Jonathan Harris may have, as his bio claims, “pasted dead insects” into his childhood sketchbooks—but, these days, the Internet artist’s raw materials are virtual rather than organic. By continually plumbing the blogosphere for the words “I am feeling” and “I feel,” Harris’ “We Feel Fine” Web site determines that Naples, Fla., is the guiltiest-feeling city; Boulder, Colo., is the loneliest; Townsville, Australia, the sickest; and so on. Not to ignore traditional media, one of his other creations, “10×10,” scours RSS feeds from select major news organizations and—using “weighted linguistic analysis”—determines 100 important words from current news dispatches. The words are linked to images from their stories, which are presented in a 10-by-10 grid (updated each hour). It may sound more like collation than creation, but judging by the mishmashed contemporary world on display on a recent Tuesday afternoon (tennis star Maria Sharapova bordered deposed Thai Prime Minister Thaksin Shinawatra), the results take on a life of their own. Harris speaks at 6 p.m. at the Koshland Science Museum, 6th & E Sts.
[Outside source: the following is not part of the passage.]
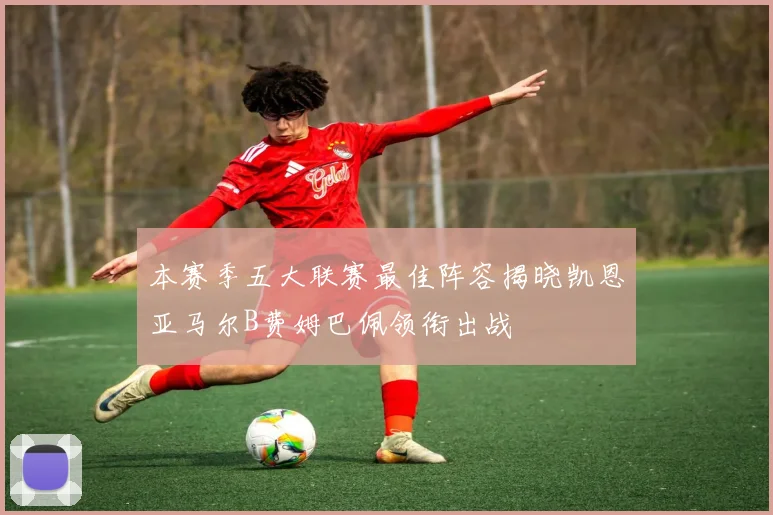 本赛季五大联赛最佳阵容揭晓凯恩亚马尔B费姆巴佩领衔出战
NW. Free. For reservations call (202) 334-1201. (Joe Dempsey)

Friday, Jan. 26

Brooklyn-based dance company Urban Bush Women seeks to produce “bold and life-affirming” work “based on women’s experiences, African-American history, and cultural influences of the African Diaspora.” The troupe, led by founding artistic director Jawole Willa Jo Zollar, does all of those things, but it also does something that isn’t as publicized as its broader mission: UBW knows how to throw a party. The 20-year-old troupe’s “Hair Party,” performed on campuses around the country, was an arts-based project using personal hair experiences to spark dialogue about the crowning glories of women of color. Their latest playful/political effort is “Batty Parties.” Named for a word that describes “buttocks” in the Caribbean, the Batty Parties also aim to encourage audience participation and discussion around the female form—because any time you can mix dance, booty-shaking, and learning, it’s a good thing. Urban Bush Women performs at 8 p.m. Friday, Jan. 26, and Saturday, Jan. 27, at Dance Place, 3225 8th St. NE. $20. (202) 269-1600. (Sarah Godfrey)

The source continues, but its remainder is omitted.